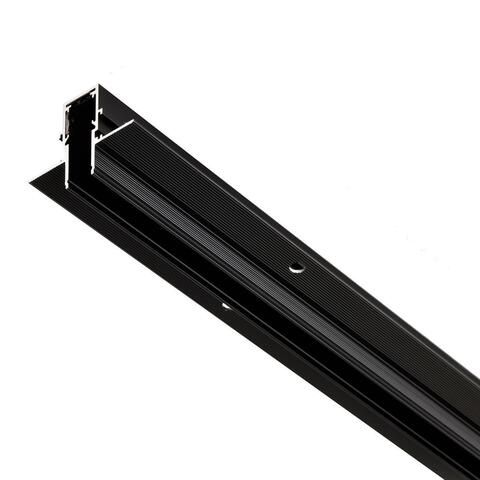 Шинопровод магнитный встраиваемый Favourite Logica 1012-TB-300 3м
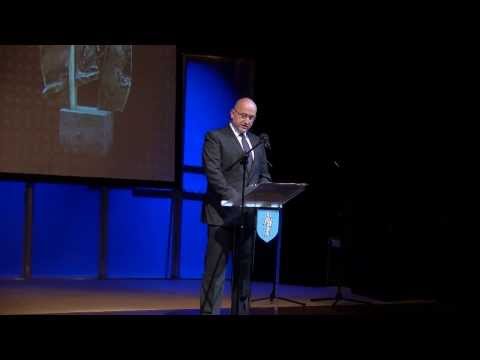 OLSZTYN24: Spotkanie Noworoczne Prezydenta Olsztyna - przemówienia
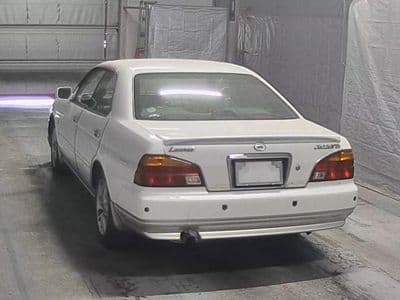 NISSAN Laurel, 1997 год., лот 787 - фото 8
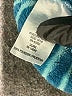 Basic Editions 100% Polyester Teal Pullover Sweater Size M - photo 8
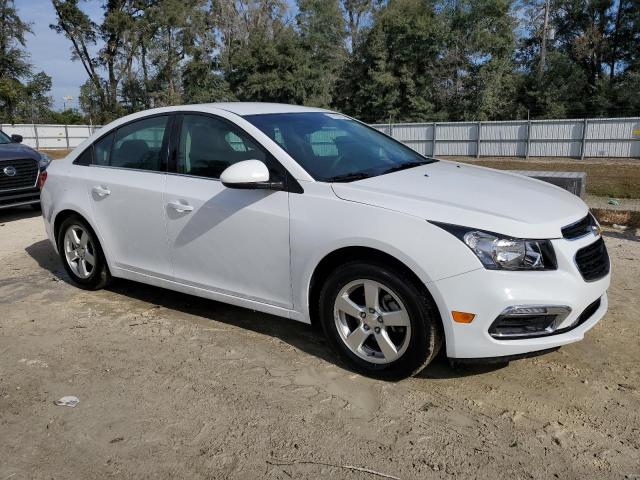 Photo 3 VIN: 1G1PE5SB4G7228668 - CHEVROLET CRUZE LIMI 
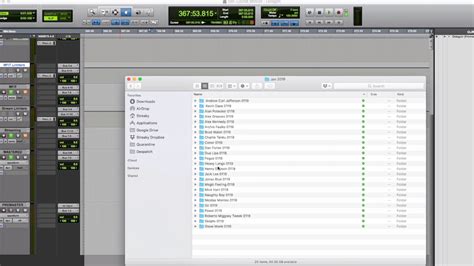 Setup and Preparation is Key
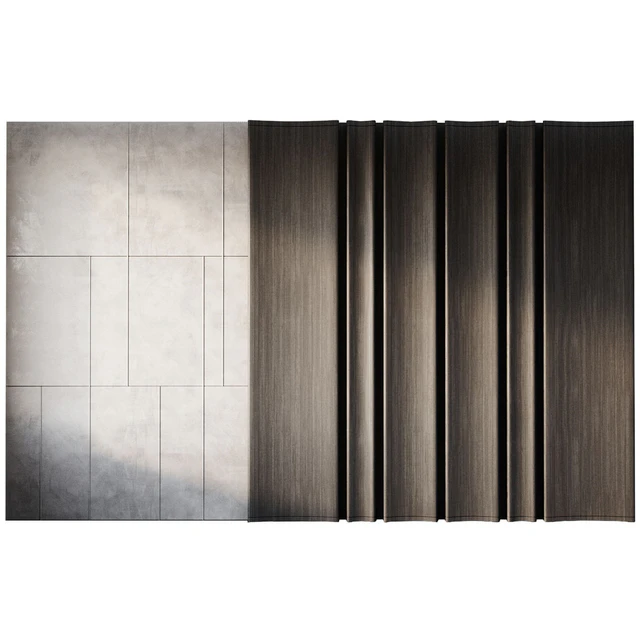 Wood Wall Panels 3 — Descargar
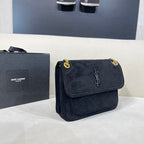 YSL BAGS - WOMEN LOVE LUXURY BAGS - 1073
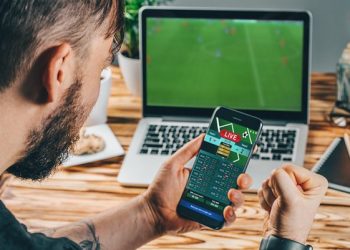 Can You Turn Sports Betting into a Job?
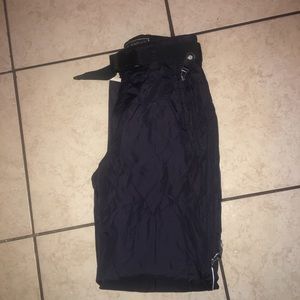 Fire and Ice snowboarding ski pants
====================
§ **WORK TO BE COMPLETED**
Reproduce word for word only the lines between the line containing "Setup and Preparation is Key" and the end of the listing above, both included, and drop any pictures.

§ **WRITTEN REPLY**
 Setup and Preparation is Key
 Wood Wall Panels 3 — Descargar
 YSL BAGS - WOMEN LOVE LUXURY BAGS - 1073
 Can You Turn Sports Betting into a Job?
 Fire and Ice snowboarding ski pants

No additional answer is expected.